When parents monitor their adolescents' behaviour, it serves as an induction into the norms of society through teaching appropriate conformity. Because parents socialise their children through the establishment of rules and communication patterns in the family, the degree and quality of parental control have a significant impact on adolescent development. A parent-adolescent relationship is healthy when parents provide structure with enough flexibility that adolescents can securely engage in identity exploration. In-turn adolescents reciprocate by establishing autonomy without sacrificing relatedness. Furthermore, the parental environment of an adolescent also shapes their understanding of gender and sexuality.
Gender relates to the performance of roles, identities, and ideas surrounding masculine, feminine, or neutral traits. More often than not, we link gender to both outward behaviours and internal ideas about ourselves. Gender also blossoms outward into other areas of our lives and is often used as a measure for sexual desire, behaviour, and societal roles. It is through a process called gender socialisation, adolescents learn about the social expectations, attitudes and behaviours that typically fall within the two genders — boys or girls as part of the outdated binary gender system.
This process of gender socialisation is usually enabled in the parental environment of the adolescent. According to past research conducted by Hill and Lynch in 1983, parents tend to have gender-stereotypical expectations for their children. They encourage gender-stereotyped behaviours and discourage cross-gender-stereotyped behaviours. This leads to Gender intensification, which is an increased pressure for adolescents to conform to culturally sanctioned gender roles. The potential influence of parental gender-role modelling has also been implicated in studies of children raised by same-sex parents.
Furthermore, children raised by same-gender parents are less likely to exhibit certain binary-gendered stereotypes as compared to children raised in two-parent heterosexual families. However, when same-gender parents divided labour with one parent as the primary caregiver and the other parent as the primary breadwinner, their children were more likely to express stereotyped views about adult roles and occupations. This implies that the parents' sexual orientation, as well as the division of labour in a family, impacts the adolescent's views and understanding of gender identity.
The development of the adolescent's sexual identity should be evaluated and monitored just like the other aspects of the development. However, under existing circumstances, this understanding does not seem to be possible even in many developed countries — as can be seen in the parents' hesitation to answer any questions their child has relating to sexual identity.
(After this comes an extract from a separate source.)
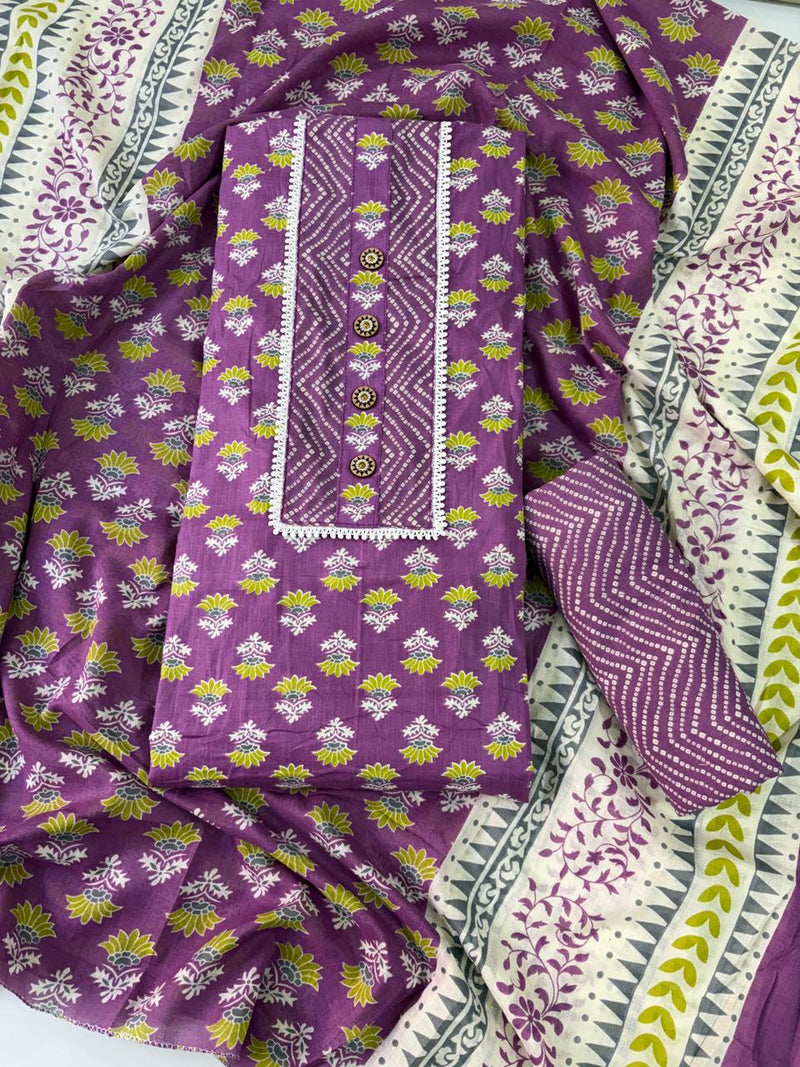 Modern Super Cotton Printed Unstiched Dress Material With Cotton Dupatta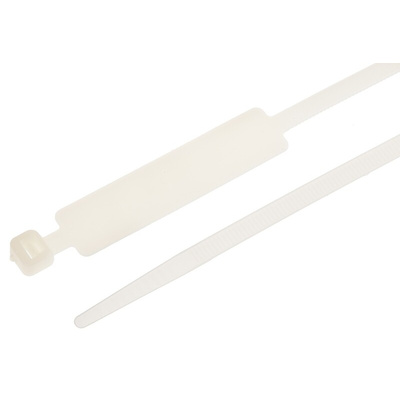 RS PRO Cable Tie Cable Markers, Natural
Sexual identity is the adolescent's perception and acceptance of his/her/their own body and self in a particular sexuality, and his/her/their organisation of emotions and behaviours according to these. Parents also hinder the secondary source for children to have their questions about sexuality answered, as many schools — private and public avoid seminars about sexuality to avoid angry reactions from disgruntled parents.
Parents are the single largest influence on their adolescents' decisions about sex, and parents underestimate the impact they have on their choices. For most adolescents, the prospect of talking about topics related to sexuality creates anxiety and apprehension, and this may lead to avoidance of discussions. While many parents are coming around to terms with providing factual and mechanical information about sex, they still tend to neglect discussion of emotions, sexual pleasure, and values. This neglect of talking about the positive aspects of sex and sexuality is more or less intentional as parents fear enticing and encouraging experimentation. However, what parents of adolescents do need to understand is that conversations about sexuality can be factual and sex-positive while simultaneously communicating boundaries and values. Adolescents face a significant challenge in their early adolescence. Family and society's attitude, as well as a cultural influence on these changes, during adolescence, plays a significant role in deciding the adolescent's sexual behaviour during adulthood.
While parents must facilitate the development of self-identity, gender identity and sexuality in adolescents, understanding adolescent self and gender identity & sexuality will also help parents to understand the difficulties of their children better. That will help them guide their adolescents in the crossroads of adulthood.